::: Supplied records

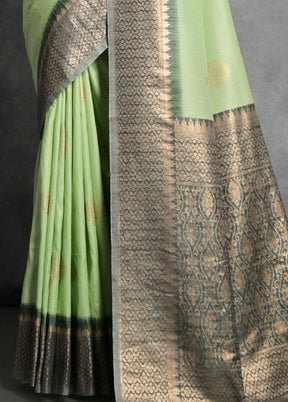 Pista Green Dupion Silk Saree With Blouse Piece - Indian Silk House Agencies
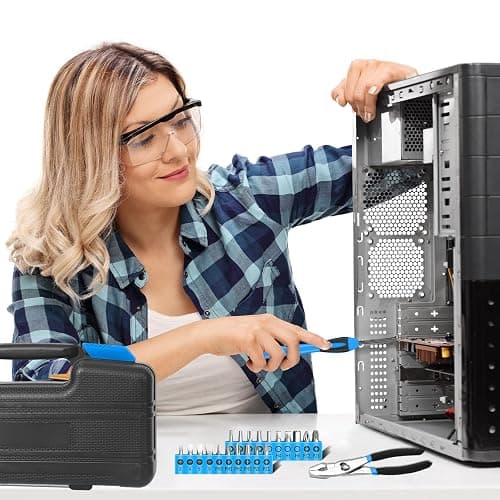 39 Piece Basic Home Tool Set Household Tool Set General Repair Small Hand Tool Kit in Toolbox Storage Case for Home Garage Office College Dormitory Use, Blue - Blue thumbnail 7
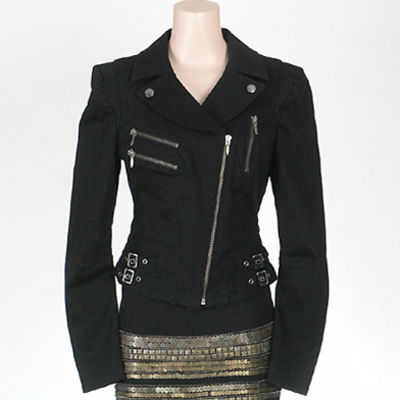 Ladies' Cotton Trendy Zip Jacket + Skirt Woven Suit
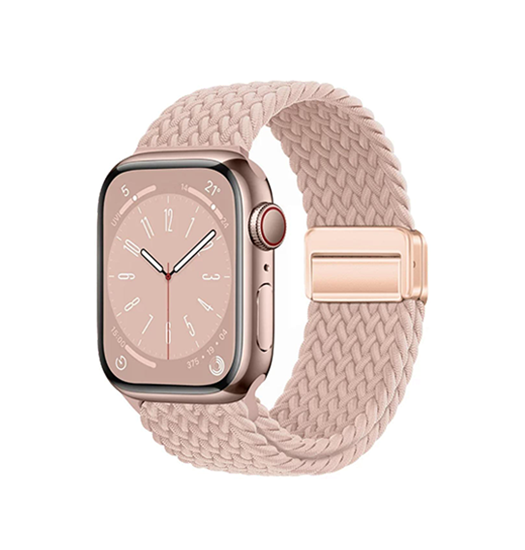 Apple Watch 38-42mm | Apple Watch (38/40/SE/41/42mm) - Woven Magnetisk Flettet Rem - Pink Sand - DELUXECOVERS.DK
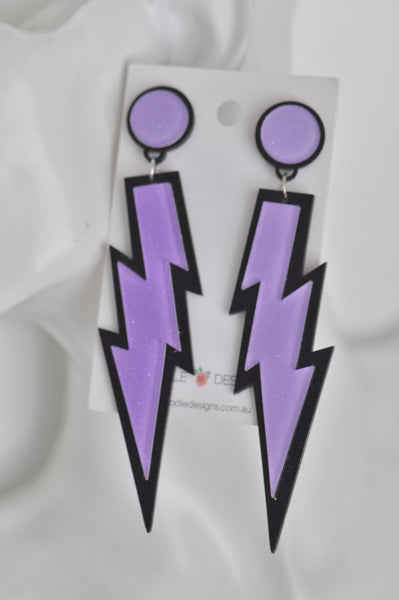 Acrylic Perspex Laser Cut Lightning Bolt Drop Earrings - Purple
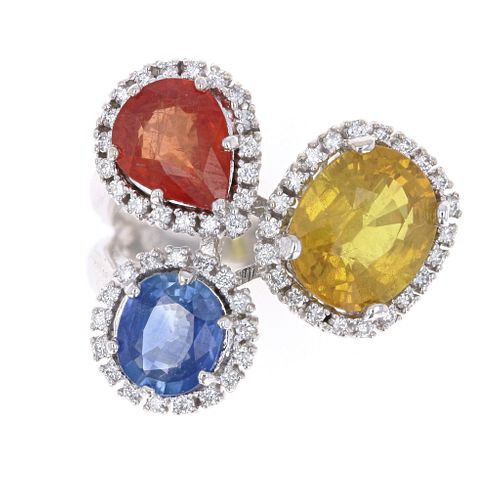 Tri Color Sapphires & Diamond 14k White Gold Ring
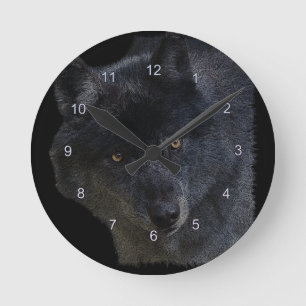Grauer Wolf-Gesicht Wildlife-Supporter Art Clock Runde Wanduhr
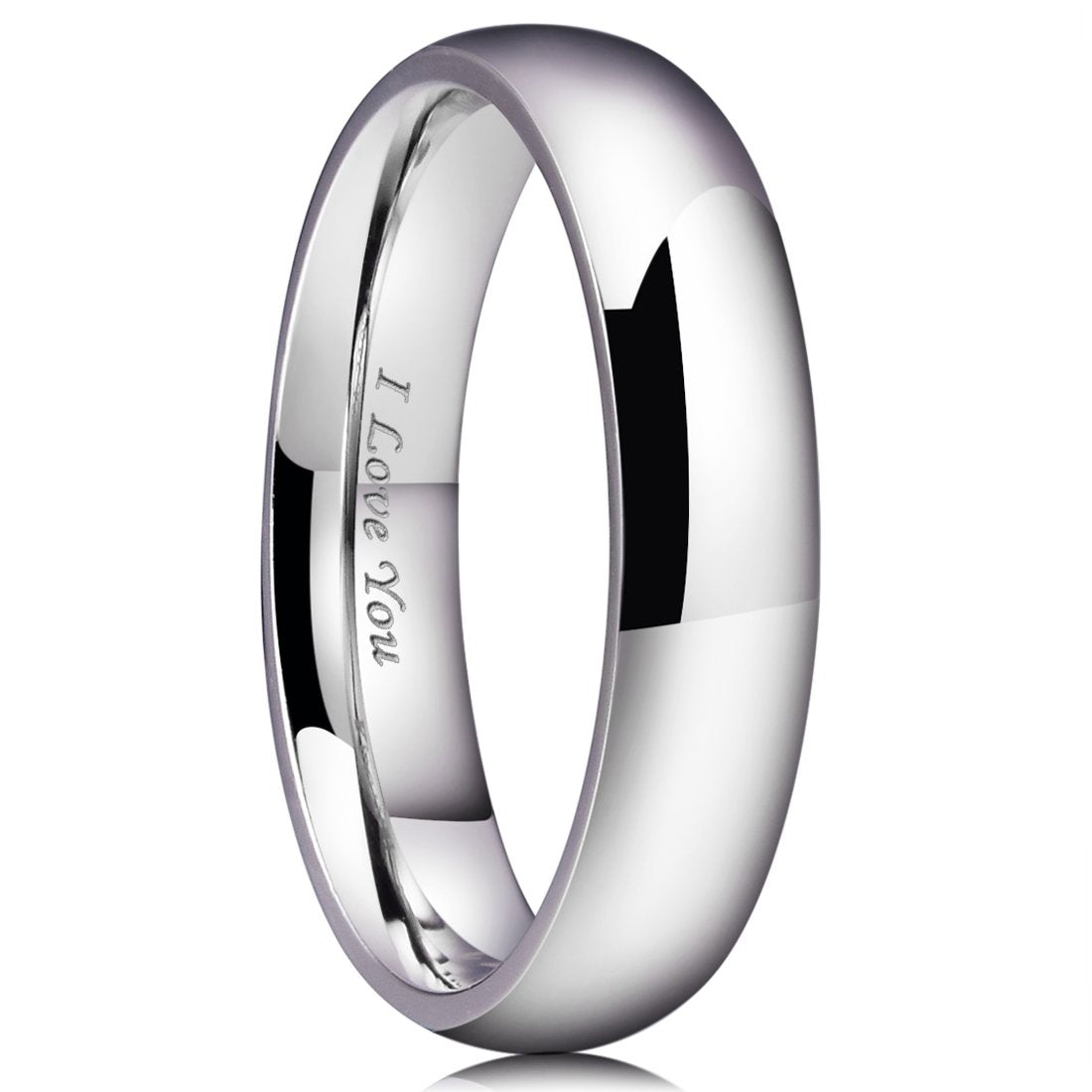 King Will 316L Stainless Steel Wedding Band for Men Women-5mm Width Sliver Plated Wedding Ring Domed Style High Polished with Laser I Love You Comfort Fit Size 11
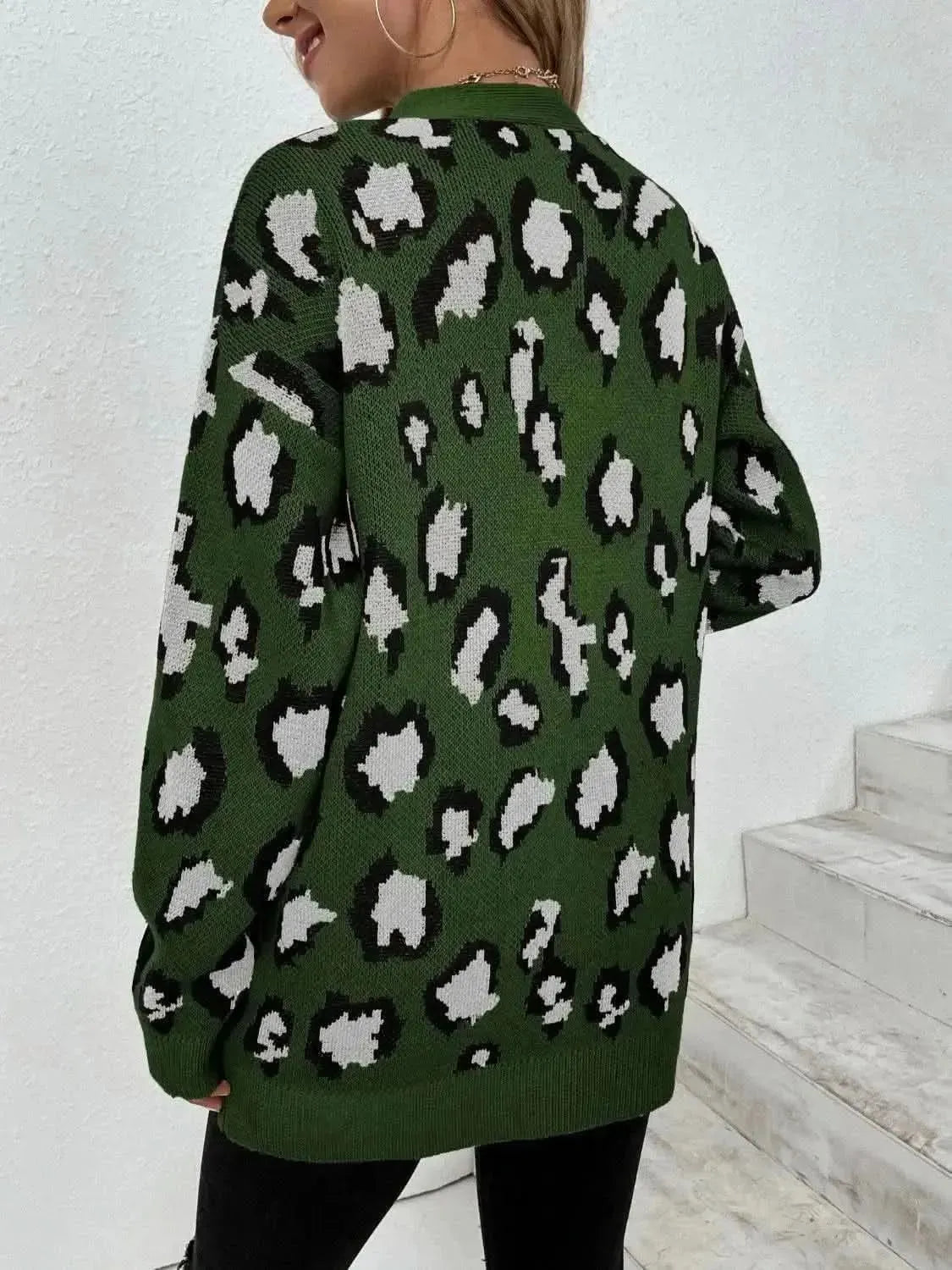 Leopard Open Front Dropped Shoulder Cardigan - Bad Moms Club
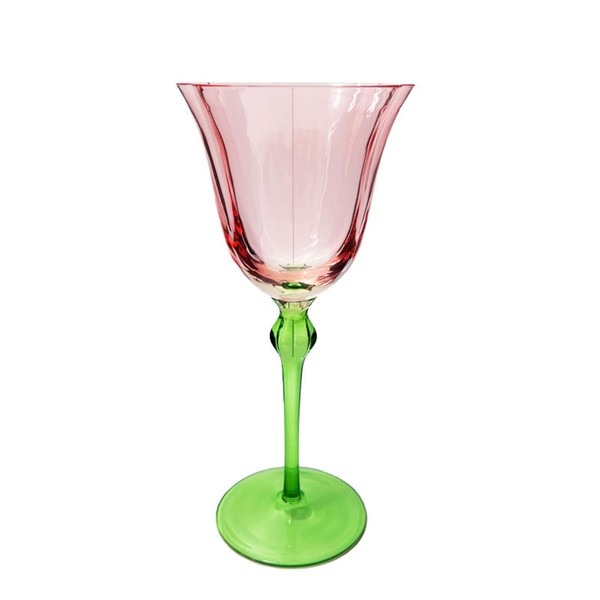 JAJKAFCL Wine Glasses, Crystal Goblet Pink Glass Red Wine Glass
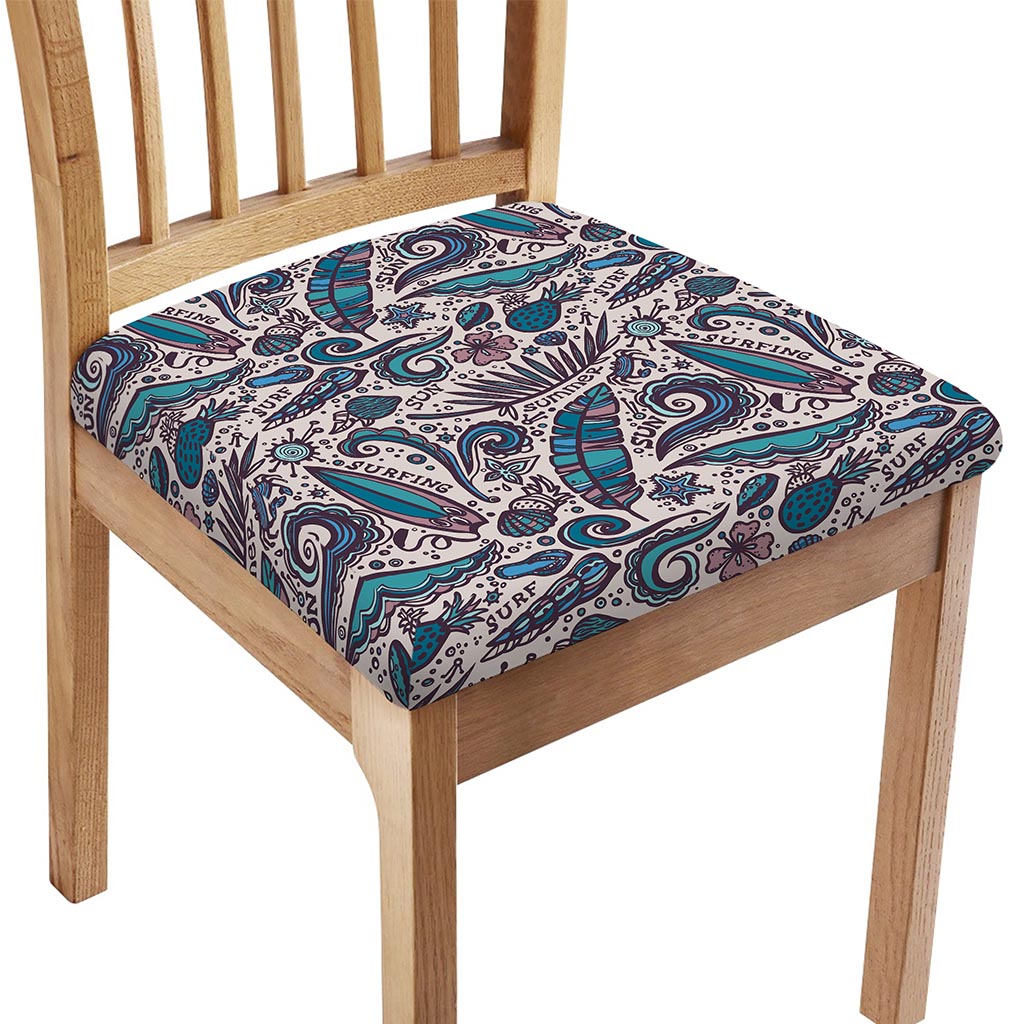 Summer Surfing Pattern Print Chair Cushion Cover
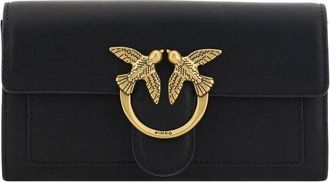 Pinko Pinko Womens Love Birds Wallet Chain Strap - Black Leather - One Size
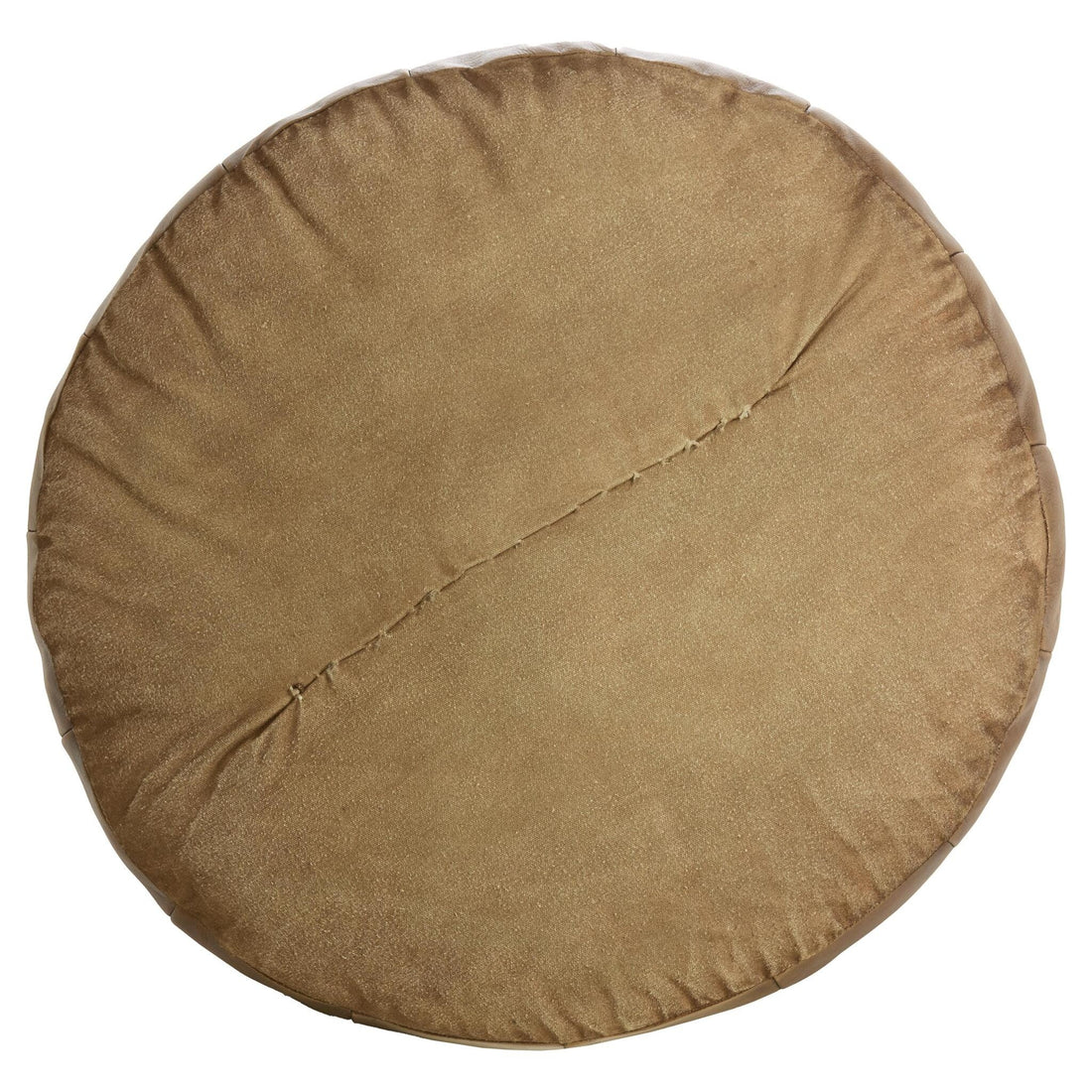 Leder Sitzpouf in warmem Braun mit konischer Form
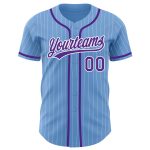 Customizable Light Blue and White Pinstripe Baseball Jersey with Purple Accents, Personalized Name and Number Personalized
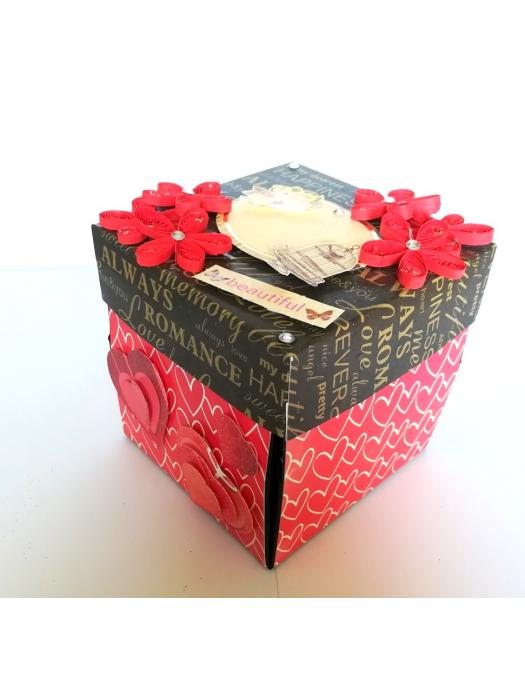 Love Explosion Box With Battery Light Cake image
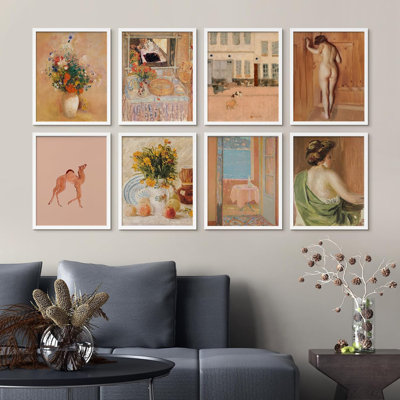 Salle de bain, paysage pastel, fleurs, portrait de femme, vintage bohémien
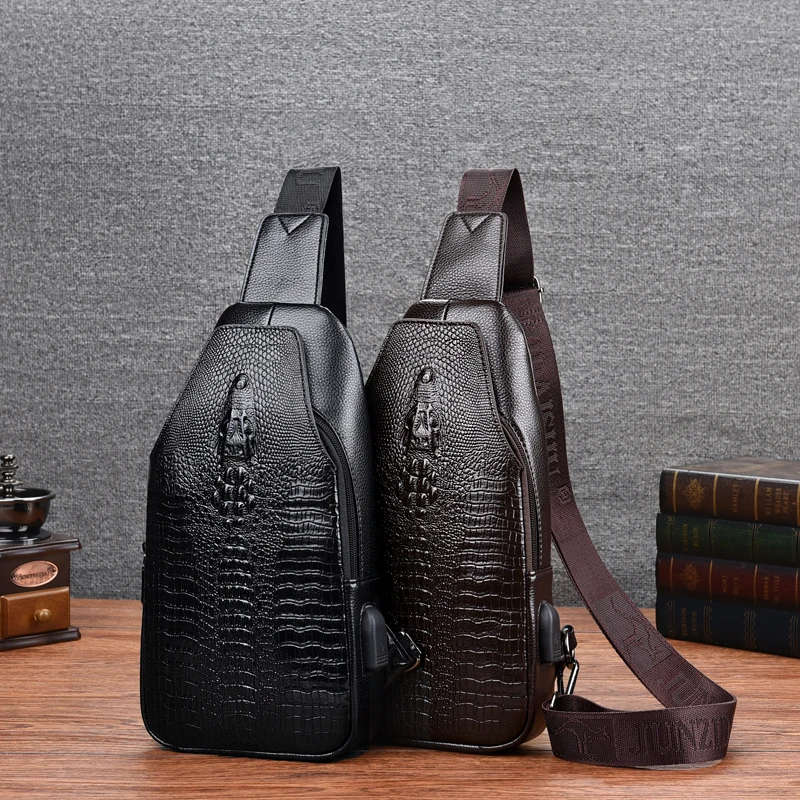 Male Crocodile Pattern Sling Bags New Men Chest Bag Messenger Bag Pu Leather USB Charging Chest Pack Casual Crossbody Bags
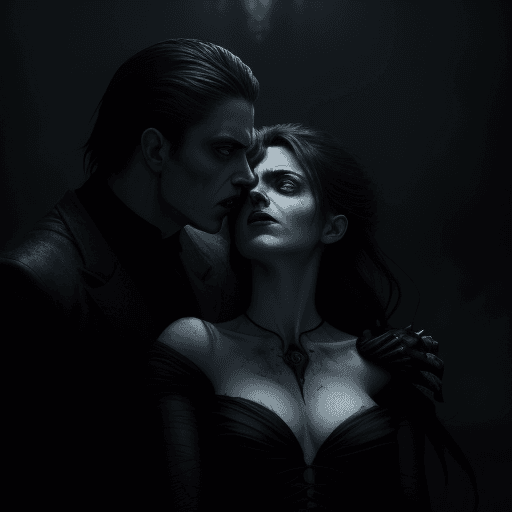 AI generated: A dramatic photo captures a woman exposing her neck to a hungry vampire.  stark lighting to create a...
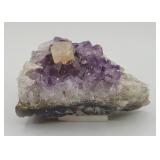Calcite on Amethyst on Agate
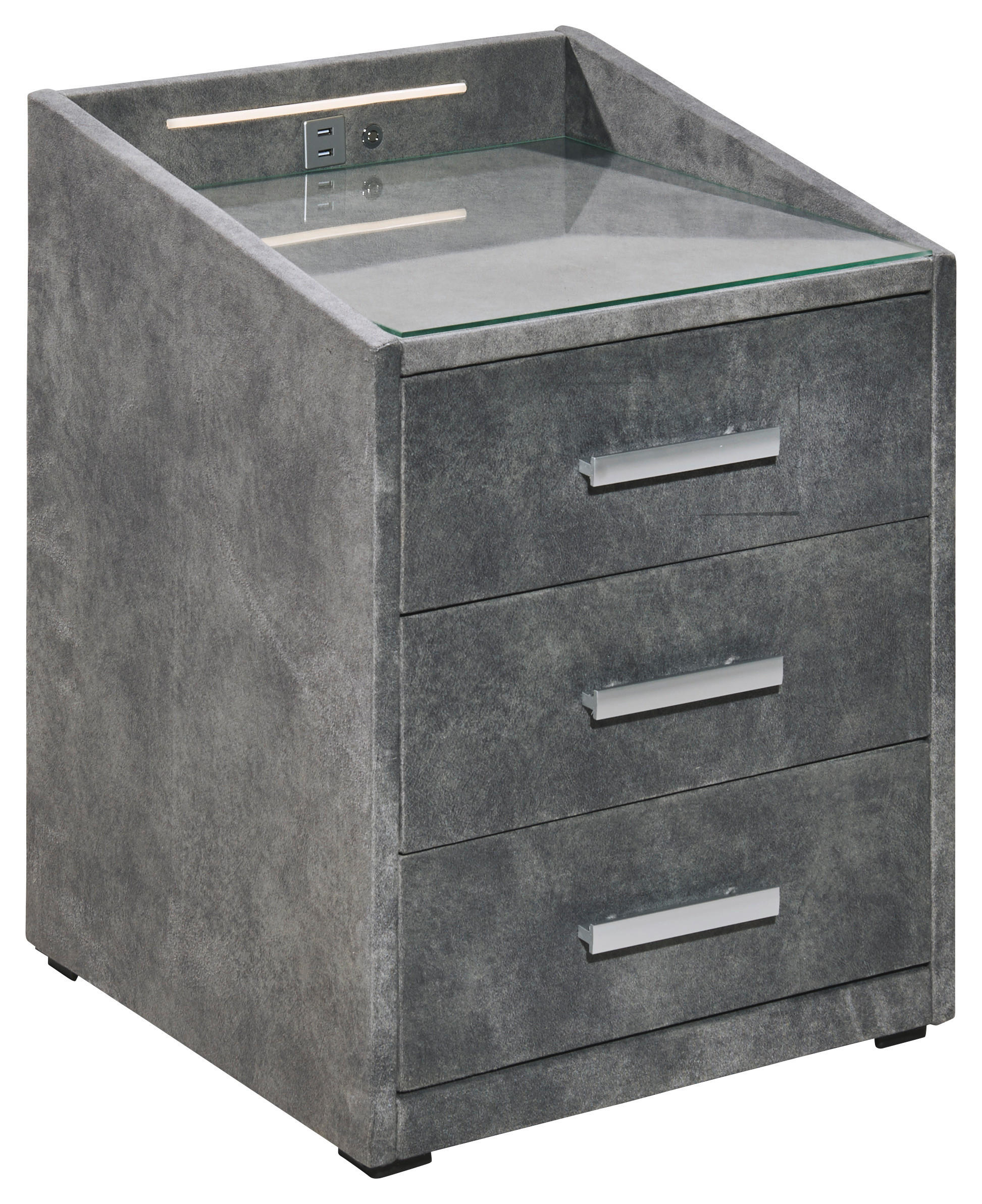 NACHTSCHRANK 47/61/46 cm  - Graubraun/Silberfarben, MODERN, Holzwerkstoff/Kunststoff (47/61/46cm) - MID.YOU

::::::

Take the lines from the one that contains "39 Piece Basic" through the last line of the material above and reproduce them exactly, leaving out any pictures.

 39 Piece Basic Home Tool Set Household Tool Set General Repair Small Hand Tool Kit in Toolbox Storage Case for Home Garage Office College Dormitory Use, Blue - Blue thumbnail 7
 Ladies' Cotton Trendy Zip Jacket + Skirt Woven Suit
 Apple Watch 38-42mm | Apple Watch (38/40/SE/41/42mm) - Woven Magnetisk Flettet Rem - Pink Sand - DELUXECOVERS.DK
 Acrylic Perspex Laser Cut Lightning Bolt Drop Earrings - Purple
 Tri Color Sapphires & Diamond 14k White Gold Ring
Grauer Wolf-Gesicht Wildlife-Supporter Art Clock Runde Wanduhr
 King Will 316L Stainless Steel Wedding Band for Men Women-5mm Width Sliver Plated Wedding Ring Domed Style High Polished with Laser I Love You Comfort Fit Size 11
 Leopard Open Front Dropped Shoulder Cardigan - Bad Moms Club
 JAJKAFCL Wine Glasses, Crystal Goblet Pink Glass Red Wine Glass
 Summer Surfing Pattern Print Chair Cushion Cover
 Pinko Pinko Womens Love Birds Wallet Chain Strap - Black Leather - One Size
 Leder Sitzpouf in warmem Braun mit konischer Form
 Customizable Light Blue and White Pinstripe Baseball Jersey with Purple Accents, Personalized Name and Number Personalized
 Love Explosion Box With Battery Light Cake image
 Salle de bain, paysage pastel, fleurs, portrait de femme, vintage bohémien
 Male Crocodile Pattern Sling Bags New Men Chest Bag Messenger Bag Pu Leather USB Charging Chest Pack Casual Crossbody Bags
 AI generated: A dramatic photo captures a woman exposing her neck to a hungry vampire.  stark lighting to create a...
Calcite on Amethyst on Agate
 NACHTSCHRANK 47/61/46 cm  - Graubraun/Silberfarben, MODERN, Holzwerkstoff/Kunststoff (47/61/46cm) - MID.YOU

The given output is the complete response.